Море качало волны, благословляло их шепотом прибоя; в зеленых глазах графа плескалась полная луна. Утром в узкое окошко золотым лучом заглядывало ленивое осеннее солнце. Нежась и подрагивая от утреннего холодка, Алкмена прижималась к широкой спине Елисея и сразу же согревалась.

Елисей совсем уже поправился. Травы, которыми лечила его Алкмена, оказались чудодейственными – вряд ли доктор сумел бы выгнать его хворь быстрее.

– Мне надо идти, – сказал он однажды.

– Уже?

– Да. И в этом твоя вина. Где ты так врачевать научилась?

– Бабушка научила. Вместе ходили корешки лечебные собирать, а когда она скончалась, я по ее книге учиться стала. Вот по этой, – девушка взяла с лавки тяжелую на деревянной основе книгу с цельнокожаным тисненым переплетом и металлическими застежками.

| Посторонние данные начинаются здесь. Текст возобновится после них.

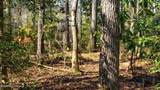 358 Parker Road - Photo 38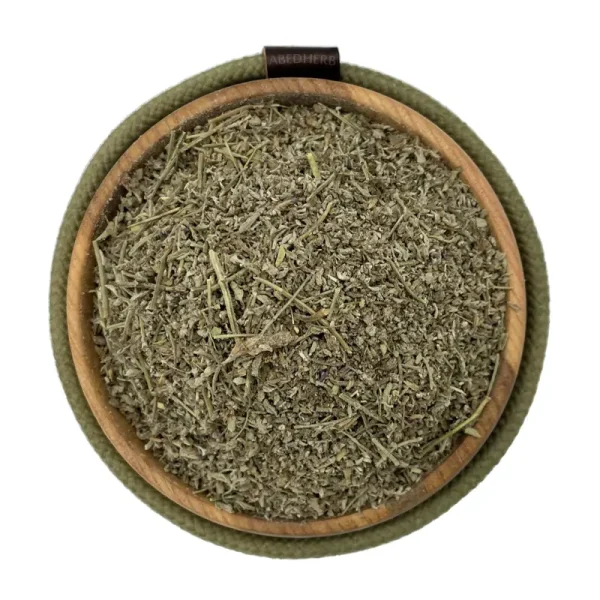 اسطوخودوس ایرانی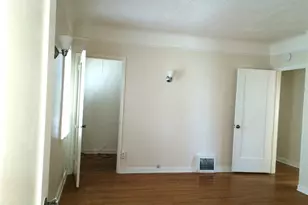 3 Euclid Ave, Long Beach, CA 90803 - Photo 11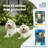 PetSafe® Stubborn Dog Receiver Collar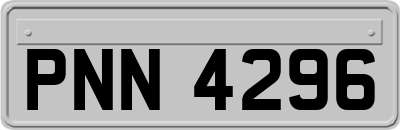 PNN4296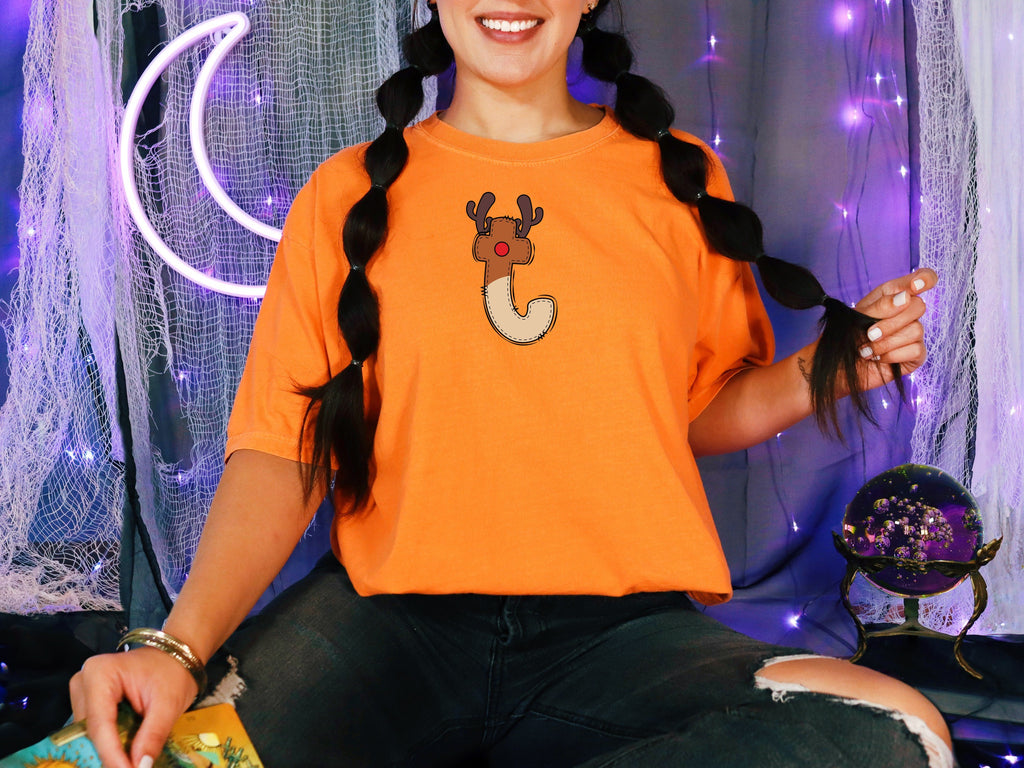 Tdeer — tdeer_CC1717BurntOrange01.jpg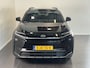 Toyota BZ4X Touring Dynamic 75 kWh | 3 Fase | Warmtepomp | Snel rijden! |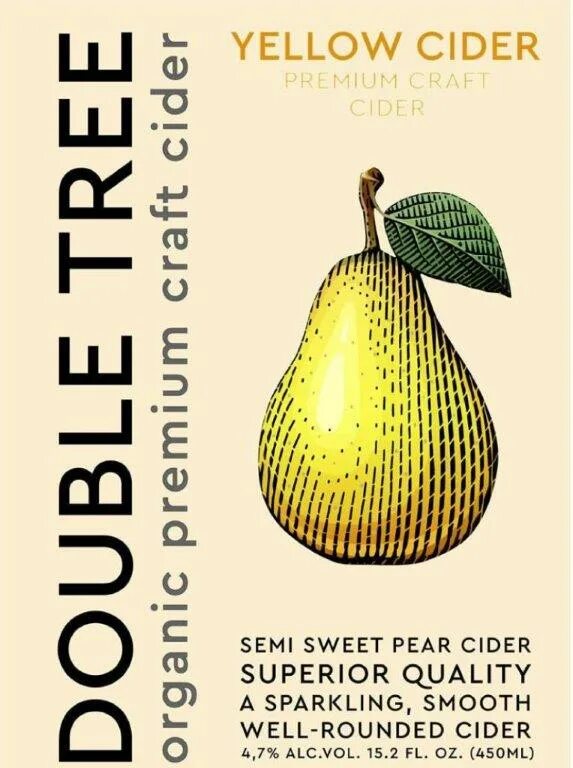 Double tree сидр. Сидр doubletree 0.75. doubletree сидр груша. сидр желтый. сидр doubletree отзывы.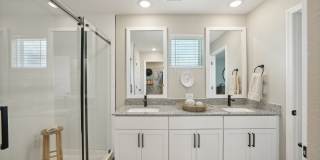 BB Living Epperson Ranch Gallery 16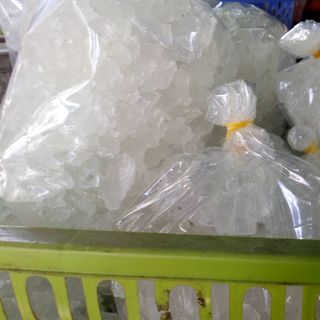 Đường phèn Quảng Ngãi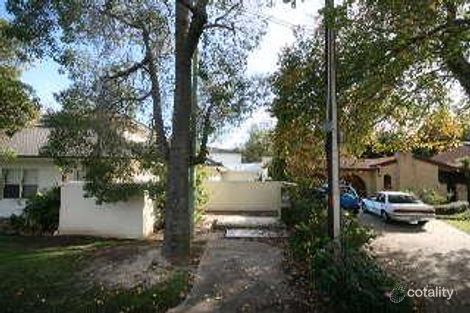 Lot 99 Hay Ct, Walkerville, SA 5081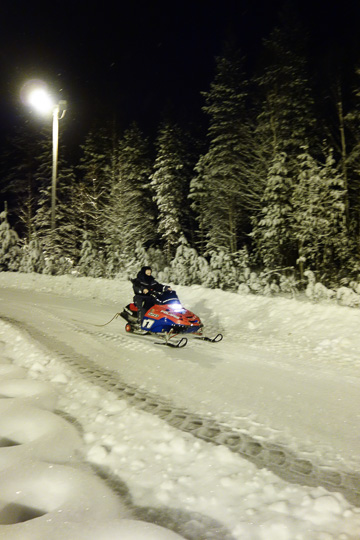 Rovaniemi-Dec12---142.jpg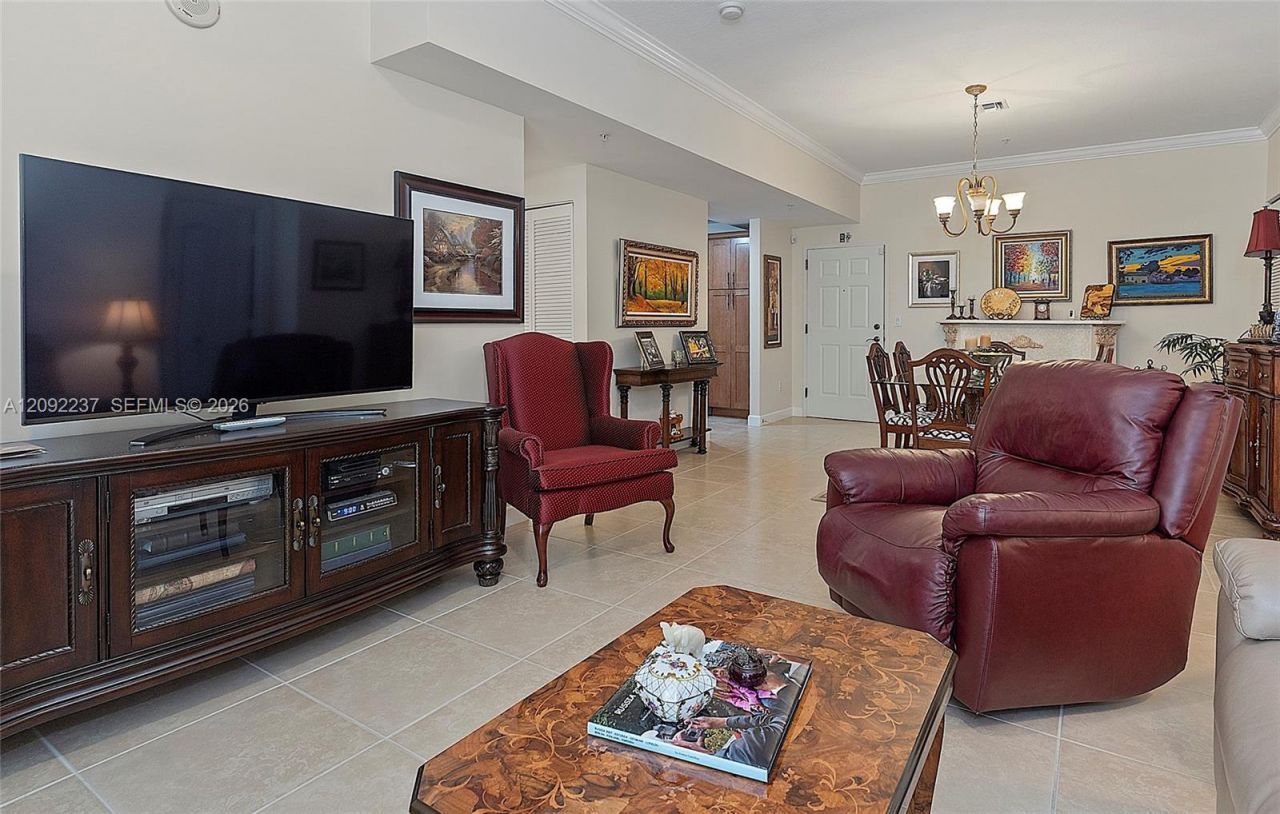 8395 SW 73rd Ave , Unit 522, Miami, FL 33143 Photo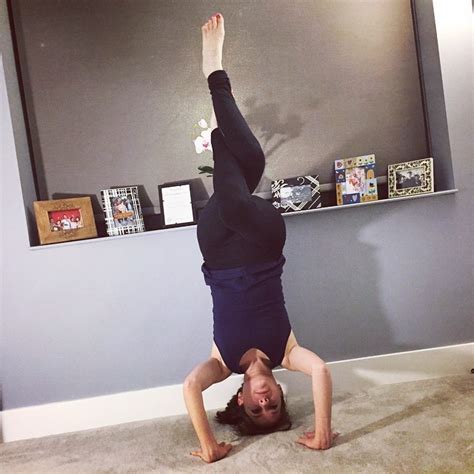 Hot Sexy Gaby Spartz Bikini Pics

Елисей полистал страницы, исписанные витиеватыми буквами. От них повеяло сыростью, будто из могилы. В дурном предчувствии граф захлопнул книгу и положил на лавку.

– Что это за язык?

– Греческий. Я гречанка.

Елисей слышал, что раньше в этих местах жили греки, они и сейчас здесь живут, но их осталось очень мало, и те находятся на полулегальном положении. Вот и Алкмена, если не врет, гречанка, а не лесная ведьма. Тогда понятно, почему она живет сычихой.

– Раньше земли, на которых стоит твое поместье и два соседних, лес, пастбища, виноградники, – все принадлежало моим предкам, семье Кафадар. А теперь у меня есть лишь эта деревянная изба.

– Я родился в поместье, и отец мой в нем родился. Эта земля принадлежит Смолиным, ее сама императрица Екатерина моему деду за доблестную службу дала.

– Прежде на этой земле жили греки.

– Хорошо, пусть греки, – миролюбиво согласился Елисей. – Но теперь поместье принадлежит нам, Смолиным. Пора мне, – сухо добавил он и вышел на улицу, снаряжать коня. Старый мерин Теодор сам пришел к избе Алкмены, своим звериным чутьем нашел хозяина.

Промозглый ветер трепал волосы, Алкмена, кутаясь в пальто, вышла из дома.

– Я провожу тебя, иначе в топях увязнешь.

Девушка пошла вперед и повела за собой Теодора. Елисей поражался, как его норовистый конь слушается Алкмену.

– Я к тебе вернусь. Обязательно вернусь, – пообещал он, когда они вышли из леса.

Елисей поцеловал на прощание Алкмену, но уже не страстно, а как-то вскользь, и не в губы, а в лоб.